--- Provided data Enclosed Below ---

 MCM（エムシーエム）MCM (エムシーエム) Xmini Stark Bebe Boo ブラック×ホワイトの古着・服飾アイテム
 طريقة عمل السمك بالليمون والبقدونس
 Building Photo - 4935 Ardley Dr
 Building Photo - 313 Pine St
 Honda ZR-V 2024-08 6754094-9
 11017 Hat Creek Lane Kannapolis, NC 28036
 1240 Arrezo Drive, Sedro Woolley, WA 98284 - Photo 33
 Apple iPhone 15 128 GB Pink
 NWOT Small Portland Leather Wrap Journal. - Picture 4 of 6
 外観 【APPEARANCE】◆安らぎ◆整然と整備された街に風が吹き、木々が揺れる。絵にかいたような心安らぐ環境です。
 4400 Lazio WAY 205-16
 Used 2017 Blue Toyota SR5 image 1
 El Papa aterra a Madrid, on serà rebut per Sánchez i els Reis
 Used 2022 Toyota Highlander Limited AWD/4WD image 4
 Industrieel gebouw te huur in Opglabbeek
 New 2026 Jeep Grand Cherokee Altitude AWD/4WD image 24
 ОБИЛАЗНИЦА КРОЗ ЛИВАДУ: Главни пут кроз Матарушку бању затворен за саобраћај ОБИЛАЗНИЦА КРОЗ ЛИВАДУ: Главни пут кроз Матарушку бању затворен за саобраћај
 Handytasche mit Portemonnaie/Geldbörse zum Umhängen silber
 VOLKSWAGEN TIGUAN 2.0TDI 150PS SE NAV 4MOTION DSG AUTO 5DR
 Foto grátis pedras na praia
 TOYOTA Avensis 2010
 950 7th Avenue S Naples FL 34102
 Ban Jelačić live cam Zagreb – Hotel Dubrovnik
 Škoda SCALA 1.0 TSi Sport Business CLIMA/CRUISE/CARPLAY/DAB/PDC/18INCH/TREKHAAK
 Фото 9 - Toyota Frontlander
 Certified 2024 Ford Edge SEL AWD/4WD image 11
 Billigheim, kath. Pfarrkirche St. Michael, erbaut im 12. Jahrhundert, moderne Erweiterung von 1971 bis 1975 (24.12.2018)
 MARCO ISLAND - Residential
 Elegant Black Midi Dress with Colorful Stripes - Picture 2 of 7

--- End of Enclosed Provided data ---

- [Exercise] Reproduce, word for word and in full, only the lines above that start at the line with "11017 Hat Creek Lane Kannapolis, NC 28036" and run through the line with "New 2026 Jeep", both ends included.

- [Written response]
 11017 Hat Creek Lane Kannapolis, NC 28036
 1240 Arrezo Drive, Sedro Woolley, WA 98284 - Photo 33
 Apple iPhone 15 128 GB Pink
 NWOT Small Portland Leather Wrap Journal. - Picture 4 of 6
 外観 【APPEARANCE】◆安らぎ◆整然と整備された街に風が吹き、木々が揺れる。絵にかいたような心安らぐ環境です。
 4400 Lazio WAY 205-16
 Used 2017 Blue Toyota SR5 image 1
 El Papa aterra a Madrid, on serà rebut per Sánchez i els Reis
 Used 2022 Toyota Highlander Limited AWD/4WD image 4
 Industrieel gebouw te huur in Opglabbeek
 New 2026 Jeep Grand Cherokee Altitude AWD/4WD image 24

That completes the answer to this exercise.